§ **DESCRIPTION OF THE TASK**
Retype the whole listing, please, keeping every line exact and dropping the pictures.

§ **COLLECTED DATA**
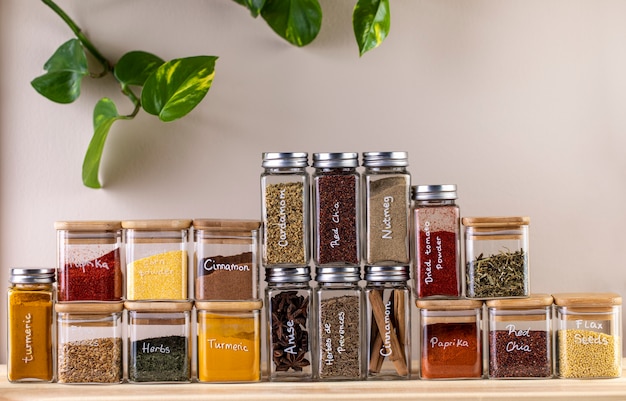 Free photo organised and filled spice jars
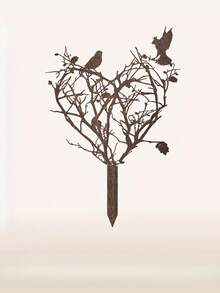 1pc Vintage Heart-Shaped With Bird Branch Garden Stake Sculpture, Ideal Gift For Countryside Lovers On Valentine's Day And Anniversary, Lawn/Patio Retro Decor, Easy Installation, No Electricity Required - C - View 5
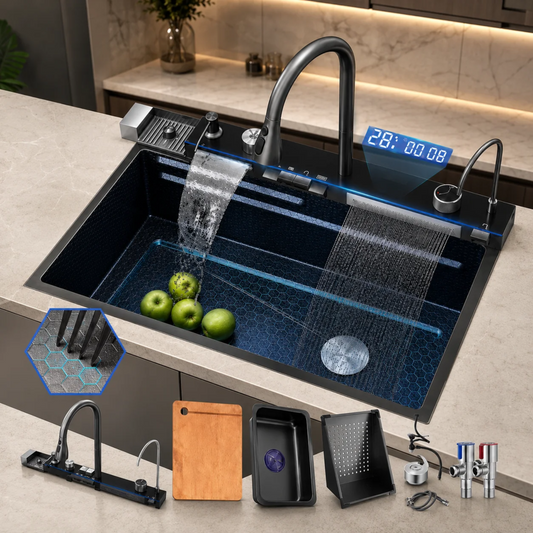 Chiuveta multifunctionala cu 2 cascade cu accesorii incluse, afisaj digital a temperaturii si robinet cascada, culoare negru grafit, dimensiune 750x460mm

§ **WRITTEN RESPONSE**
 Free photo organised and filled spice jars
 1pc Vintage Heart-Shaped With Bird Branch Garden Stake Sculpture, Ideal Gift For Countryside Lovers On Valentine's Day And Anniversary, Lawn/Patio Retro Decor, Easy Installation, No Electricity Required - C - View 5
 Chiuveta multifunctionala cu 2 cascade cu accesorii incluse, afisaj digital a temperaturii si robinet cascada, culoare negru grafit, dimensiune 750x460mm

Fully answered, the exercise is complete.